Back to the future

Way back in the mists of time (ie, 2006), jules and I saw what was going on with people estimating climate sensitivity, and in particular how this literature was interpreted by the authors of the IPCC AR4. And we didn’t like it. We thought that any reasonable synthesis should consider the multiple lines of evidence in a coherent fashion in order to form a credible overall view. This resulted in the paper “Using multiple observationally‐based constraints to estimate climate sensitivity” described in this blog post (paper here), which people unfamiliar with the story might like to glance at before progressing further…

It’s fair to say that our intervention was not met by universal approval at the time, with the established researchers mostly finding excuses as to why our result might not be entirely trustworthy. Fine, do your own calculations, we said. And they didn’t.

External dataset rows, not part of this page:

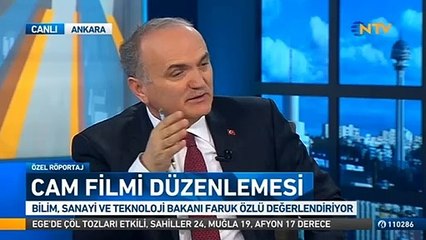 Bakan: Cam filmi yasağını kaldıracak çalışma yapıyoruz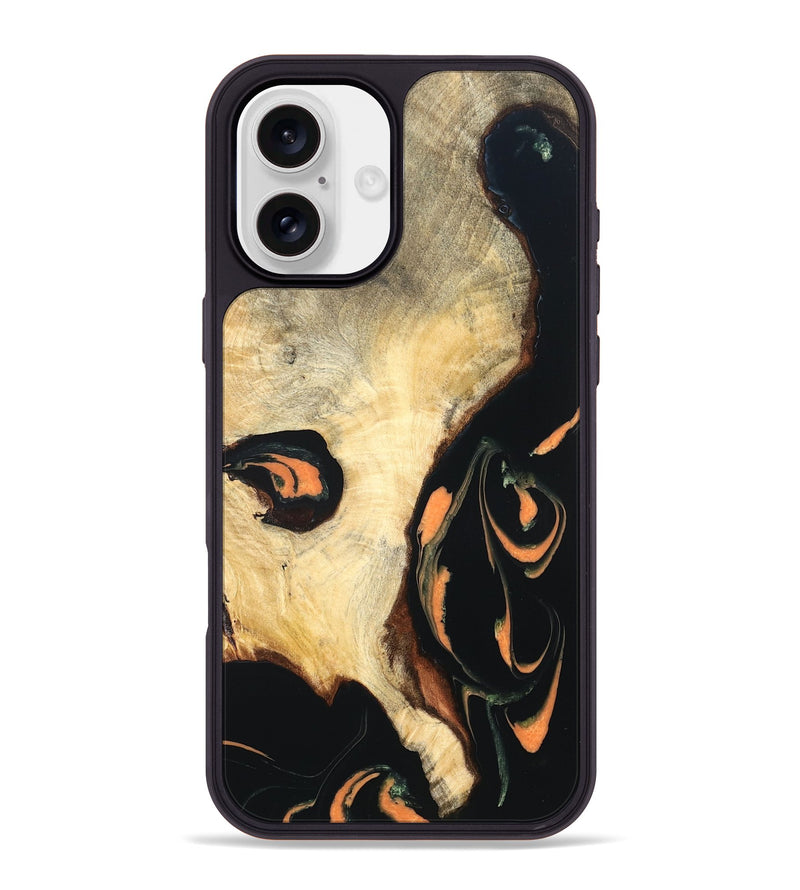 iPhone 16 Plus Wood Phone Case - Dean (Red, 819687)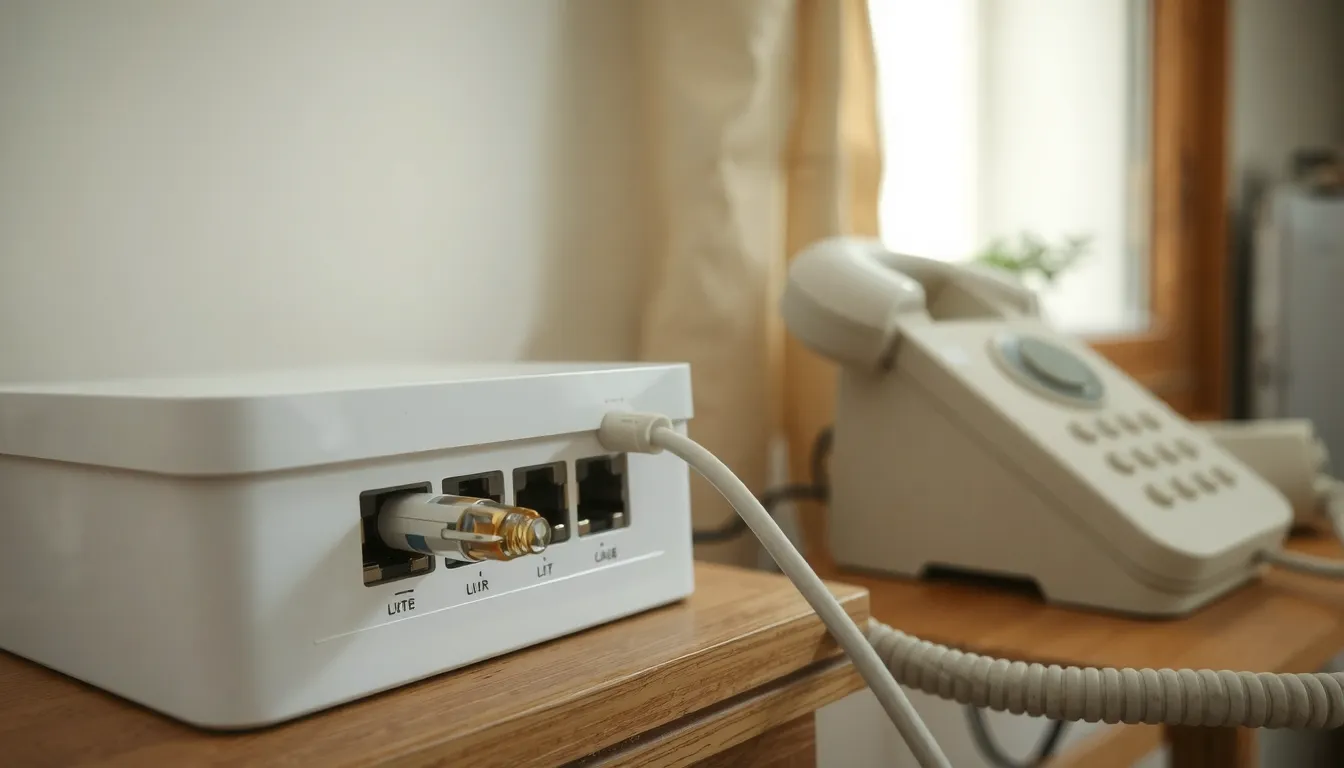 comment brancher un téléphone fixe avec la fibre orange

Time passed, and a new generation of people with different backgrounds became interested in estimating climate sensitivity. The World Climate Research Program (WCRP) made it a central theme in one of their Grand Challenges in climate science. There were a couple of meetings in Ringberg that jules and then I attended sequentially.

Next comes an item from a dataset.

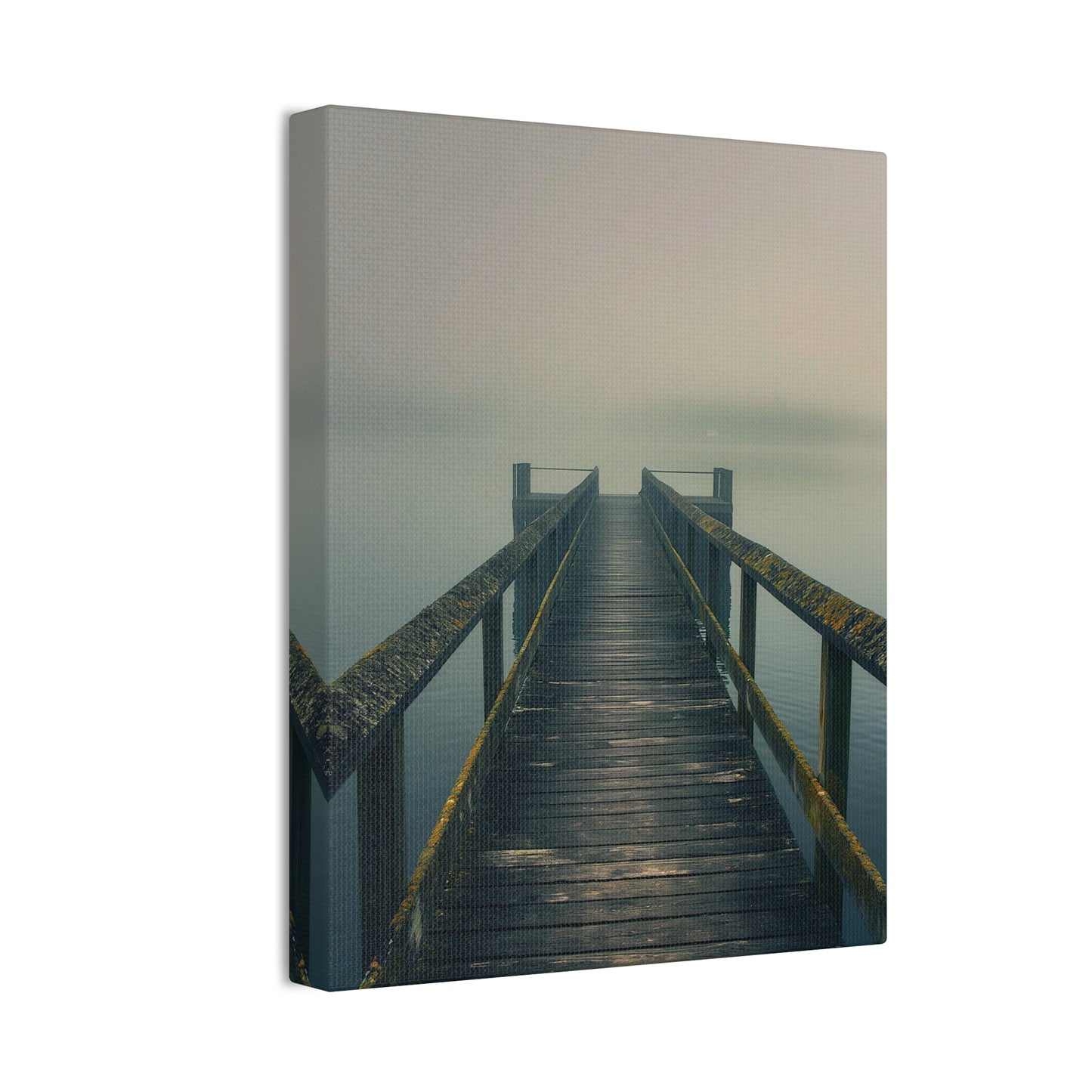 Misty Pier 9 Canvas Stretched, 0.75"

In 2016, several of leaders of this WCRP steering group wrote a paper which kicked off a project to perform a new synthesis of the evidence on climate sensitivity. Their idea was to form an overall synthesis of the multiple lines of evidence, roughly along the lines that we had originally proposed, but in a far more comprehensive and thorough fashion. This is something that the IPCC isn’t really equipped to do, as it just assesses and summarises the literature. The project leaders considered three main strands of evidence: that arising from process studies (ie the behaviour of clouds, including simulations from GCMs), the transient warming over the historical record, and paleoclimate. Jules was one of the lead authors for the paleo chapter, but I wasn’t involved at the outset. However when invited to join the group I was of course happy to contribute to it, having thought about the problem off and on for the past decade.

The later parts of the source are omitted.